He has created havoc and greatly degraded the functioning of almost every federal government agency. His national security team has inadvertently leaked confidential attack plans to a journalist and one other person who wasn't supposed to have access.
Thirteen countries have issued travel advisories for the U.S., and interruptions of university grants and scientific grants and illegal revocation of student visas is irrevocably destroying long term scientific research projects, undermining a generation of scientists, and undermining the status of the U.S. as a leading provider of quality higher education.
Tesla, a major recipient of government funds, has seen its sales tank worldwide because Musk endorses Nazis and his Cybertruck's quality is awful, so bad that almost all of them have been recalled (the 8th recall so far for them) and its deaths per passenger mile are greater than the Ford Pinto. All of the world, Teslas and their dealers are the subject to protests and vandalism. Insurance companies won't insure Cybertrucks anymore. Musk himself has lost hundreds of billions of dollars of personal wealth as a result. Countries across the world are also ending contracts with his Starlink system. And, Musk's SpaceX company has had high profile exploding rocket failures. Trump made an illegal Tesla ad in front of the White House to bail out his "co-President."

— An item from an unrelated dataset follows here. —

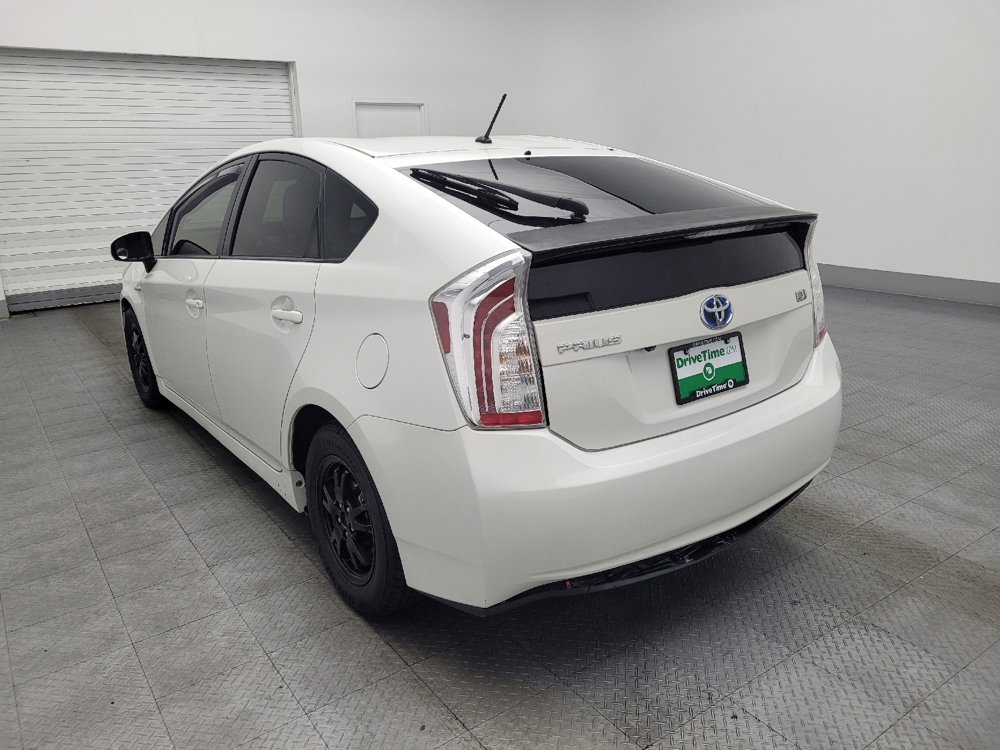 Used 2015 Toyota Prius Two image 5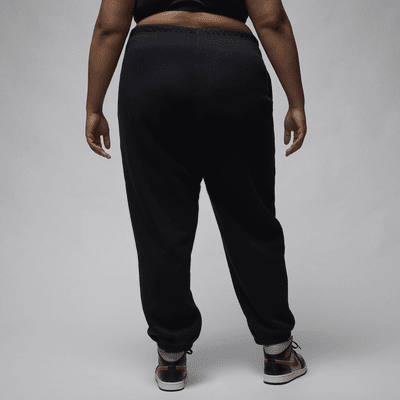 Jordan Brooklyn Fleece Women's Trousers (Plus Size)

The stock market is crashing. Lockheed Martin may be losing large numbers of F-35 sales now that Trump has changed geopolitical sides (over the opposition over even about 70% of Republicans as well as everyone else). American liquor companies are laying off workers because Canada has boycotted them. Farmers across the nation are in crisis as Trump's anti-immigrant efforts make headlines keeping people away from work and as funds for programs for them are frozen and tariffs are destroying their export sales and making things that they import more expensive.
While he had to withdraw a handful of appointments, almost all of his executive branch appointees who have faced Senate confirmation have been approved, including a great many who are patently unqualified to do their jobs and actively want to undermine the laws of the United States government that they are charged with carrying out.
Scores of lawsuits have been filed to enjoin his Executive Orders which are frequently unconstitutional or unauthorized by the relevant laws or contrary to existing laws. Many of those lawsuits have been successful at the preliminary stage.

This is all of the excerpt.